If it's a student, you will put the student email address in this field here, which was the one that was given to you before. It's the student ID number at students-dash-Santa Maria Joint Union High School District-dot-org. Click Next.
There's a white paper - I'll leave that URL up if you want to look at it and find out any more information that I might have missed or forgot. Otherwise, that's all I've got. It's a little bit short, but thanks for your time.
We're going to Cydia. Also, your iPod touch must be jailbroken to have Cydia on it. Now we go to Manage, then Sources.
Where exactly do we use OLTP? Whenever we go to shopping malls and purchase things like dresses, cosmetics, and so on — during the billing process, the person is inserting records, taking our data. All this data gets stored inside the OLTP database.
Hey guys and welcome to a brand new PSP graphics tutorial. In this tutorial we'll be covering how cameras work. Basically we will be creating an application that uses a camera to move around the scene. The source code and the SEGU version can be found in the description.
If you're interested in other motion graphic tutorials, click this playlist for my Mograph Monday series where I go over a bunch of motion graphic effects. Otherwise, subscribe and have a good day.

****

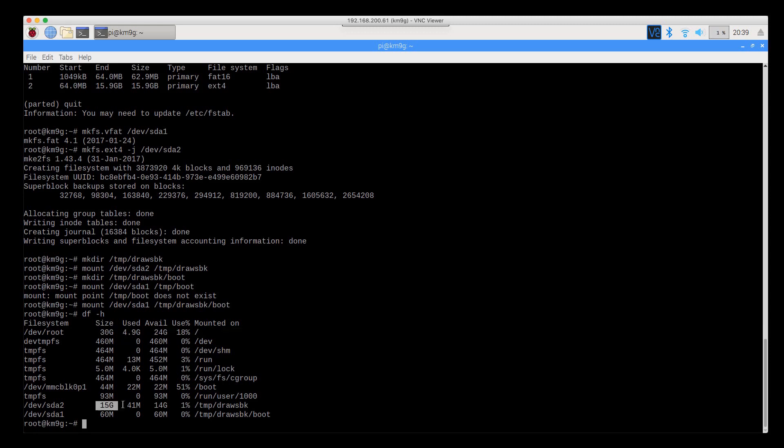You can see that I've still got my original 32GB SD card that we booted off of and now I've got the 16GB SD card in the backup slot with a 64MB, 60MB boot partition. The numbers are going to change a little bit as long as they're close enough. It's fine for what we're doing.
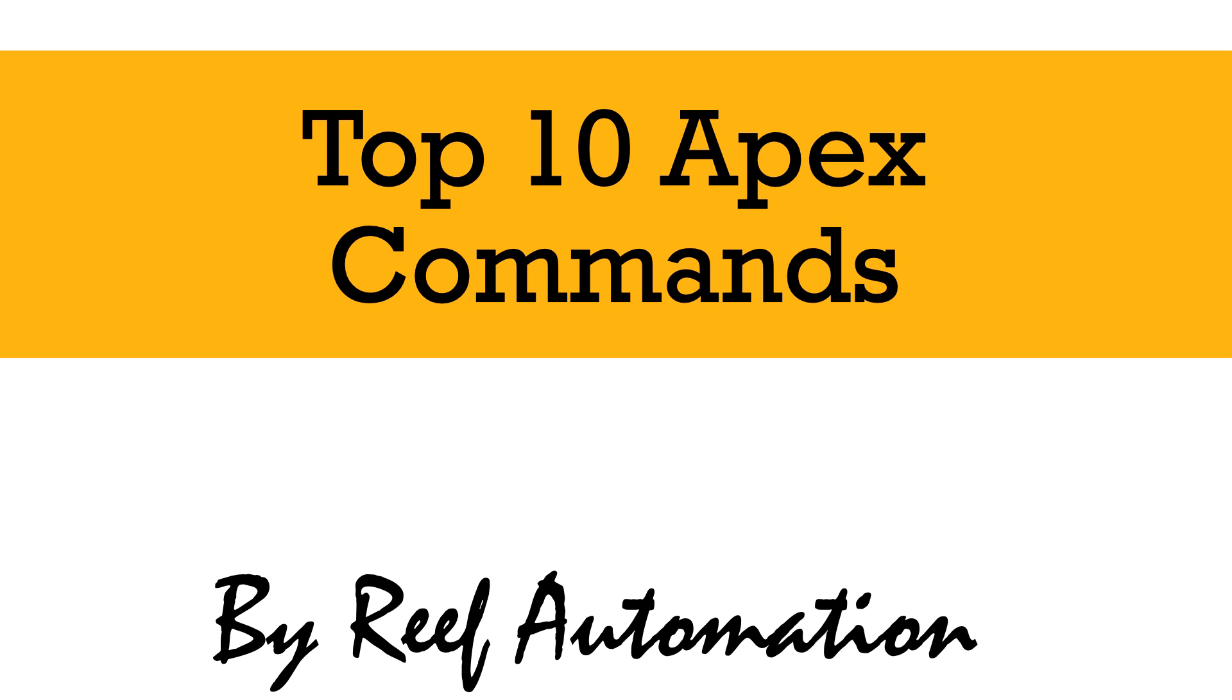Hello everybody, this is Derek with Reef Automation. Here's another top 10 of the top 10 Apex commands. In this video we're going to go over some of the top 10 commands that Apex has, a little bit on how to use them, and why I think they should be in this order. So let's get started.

****

▶ What is being asked
Reproduce word for word the material above, beginning with the line that contains "There's a white" and ending with the line that contains "If you're interested".

▶ Solution
There's a white paper - I'll leave that URL up if you want to look at it and find out any more information that I might have missed or forgot. Otherwise, that's all I've got. It's a little bit short, but thanks for your time.
We're going to Cydia. Also, your iPod touch must be jailbroken to have Cydia on it. Now we go to Manage, then Sources.
Where exactly do we use OLTP? Whenever we go to shopping malls and purchase things like dresses, cosmetics, and so on — during the billing process, the person is inserting records, taking our data. All this data gets stored inside the OLTP database.
Hey guys and welcome to a brand new PSP graphics tutorial. In this tutorial we'll be covering how cameras work. Basically we will be creating an application that uses a camera to move around the scene. The source code and the SEGU version can be found in the description.
If you're interested in other motion graphic tutorials, click this playlist for my Mograph Monday series where I go over a bunch of motion graphic effects. Otherwise, subscribe and have a good day.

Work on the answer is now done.